(Stored data)

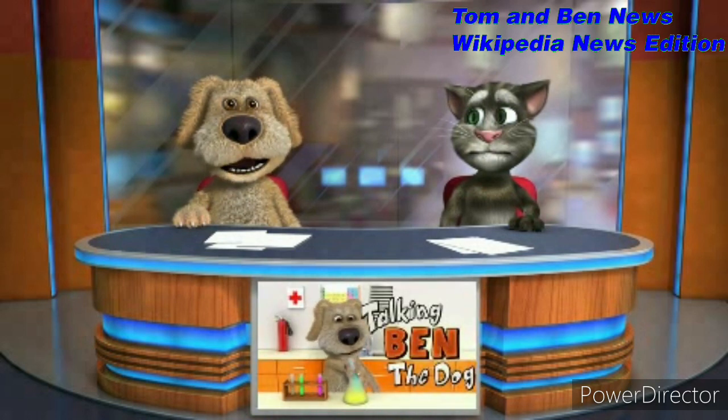We will continue about Harley-Davidson in part 3. Stay tuned.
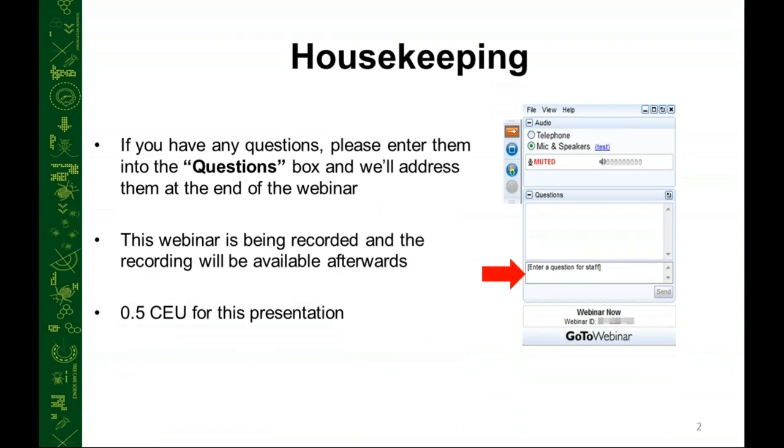A few housekeeping items before we get started. If you have any questions, I would encourage you to type as many questions as you can into the questions box on the chat box, and we'll address them at the end of the webinar as we have time. If there are any questions that we don't get to, we'll follow up with you by personal email. This webinar is being recorded and will be saved on our website in the next few days. There is a half CEU credit for this 30-minute presentation for ISA — if you didn't enter your ISA CEU number when you registered, you can type your name and CEU number into the chat box as well.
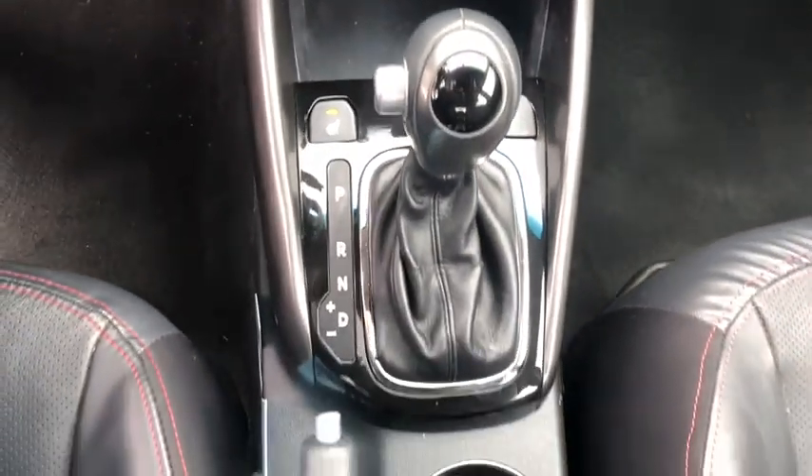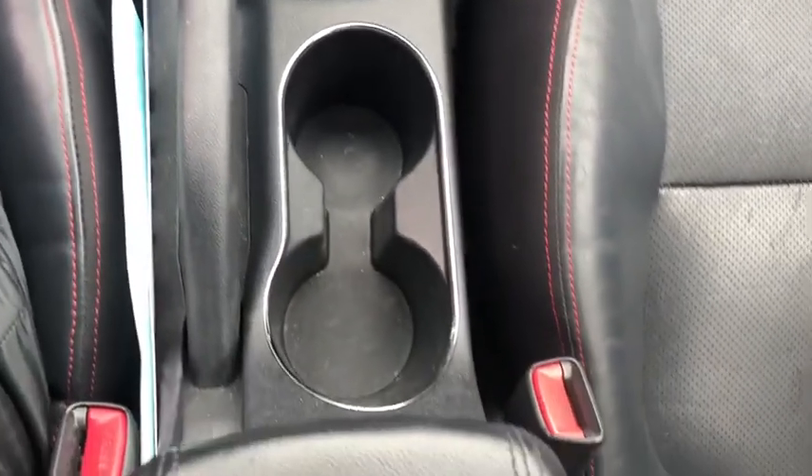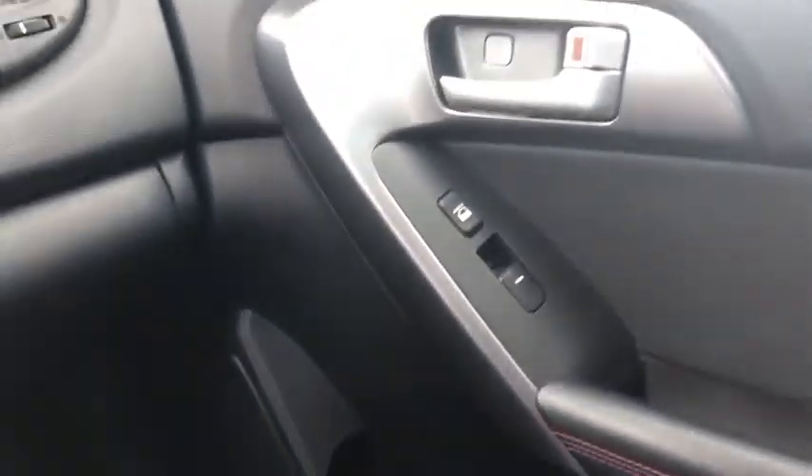If affordable style and reliability are what you're looking for, this vehicle couldn't be more perfect. Drive it today.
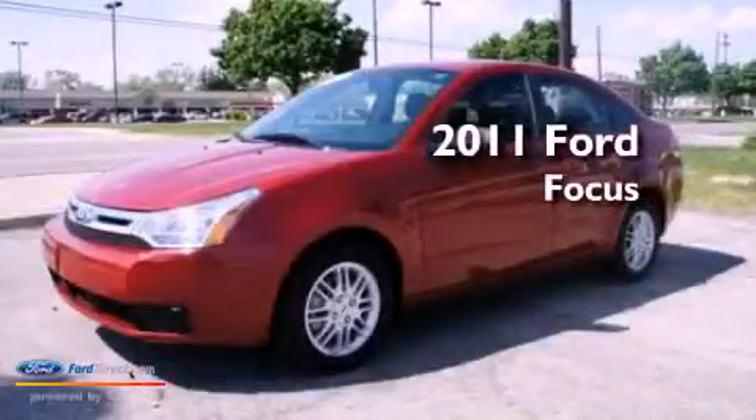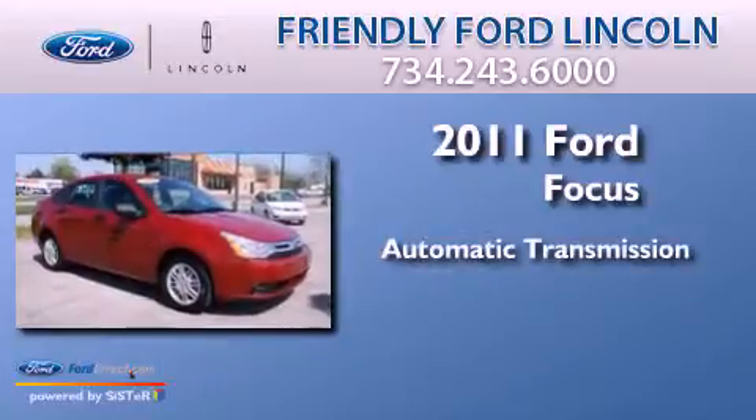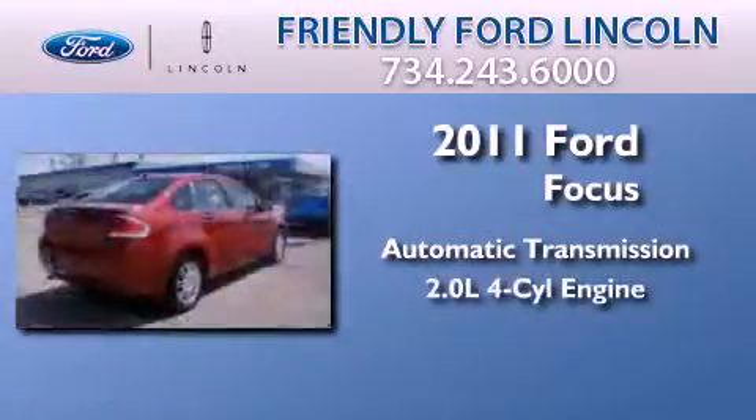This is a 2011 Ford Focus. This car has an automatic transmission and an inline four-cylinder engine.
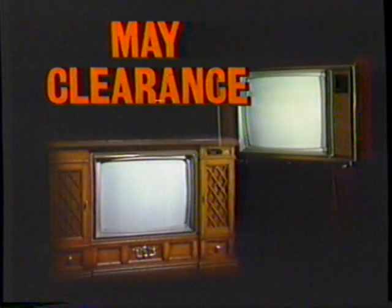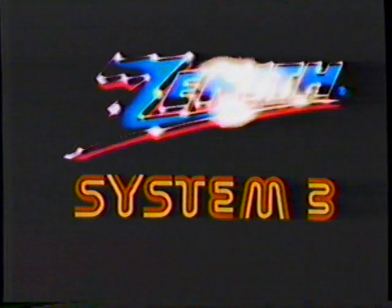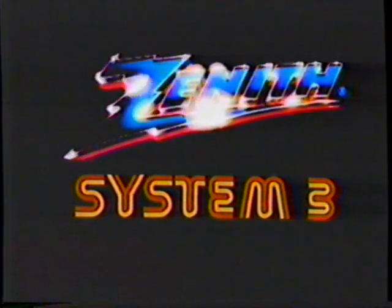Now is the time to buy that deluxe full-featured Zenith System 3 you wanted during our May clearance sale. Choose among popular-sized 19-inch portables and 25-inch consoles with Space Command Remote Control and direct cable access. Buy now and save up to $100 on this console or $75 on this portable. Zenith System 3 — the very best, now yours for less.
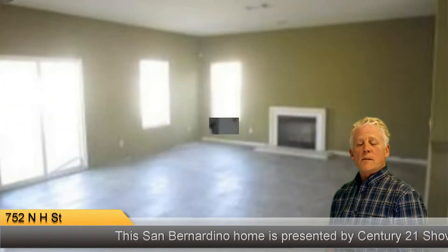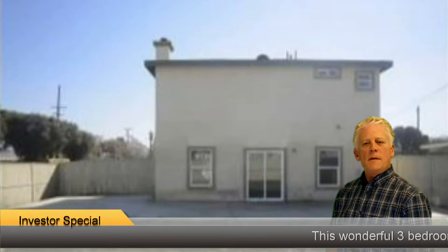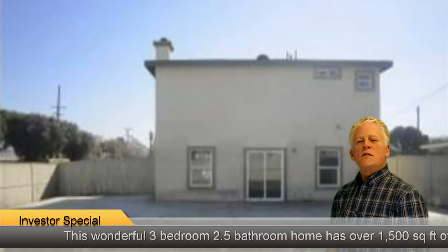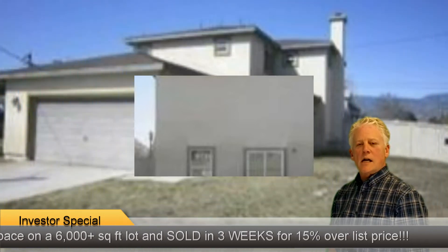If you'd like more information about this home, please give us a call at 909-864-2121. Or if you'd like to see some other videos of other properties, maybe even some educational videos, please visit our website at Century21Showcase.com.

### [What the task asks]
Each record needs to be reproduced exactly, and no image should be carried over.

### [Finished task]
We will continue about Harley-Davidson in part 3. Stay tuned.
A few housekeeping items before we get started. If you have any questions, I would encourage you to type as many questions as you can into the questions box on the chat box, and we'll address them at the end of the webinar as we have time. If there are any questions that we don't get to, we'll follow up with you by personal email. This webinar is being recorded and will be saved on our website in the next few days. There is a half CEU credit for this 30-minute presentation for ISA — if you didn't enter your ISA CEU number when you registered, you can type your name and CEU number into the chat box as well.
If affordable style and reliability are what you're looking for, this vehicle couldn't be more perfect. Drive it today.
This is a 2011 Ford Focus. This car has an automatic transmission and an inline four-cylinder engine.
Now is the time to buy that deluxe full-featured Zenith System 3 you wanted during our May clearance sale. Choose among popular-sized 19-inch portables and 25-inch consoles with Space Command Remote Control and direct cable access. Buy now and save up to $100 on this console or $75 on this portable. Zenith System 3 — the very best, now yours for less.
If you'd like more information about this home, please give us a call at 909-864-2121. Or if you'd like to see some other videos of other properties, maybe even some educational videos, please visit our website at Century21Showcase.com.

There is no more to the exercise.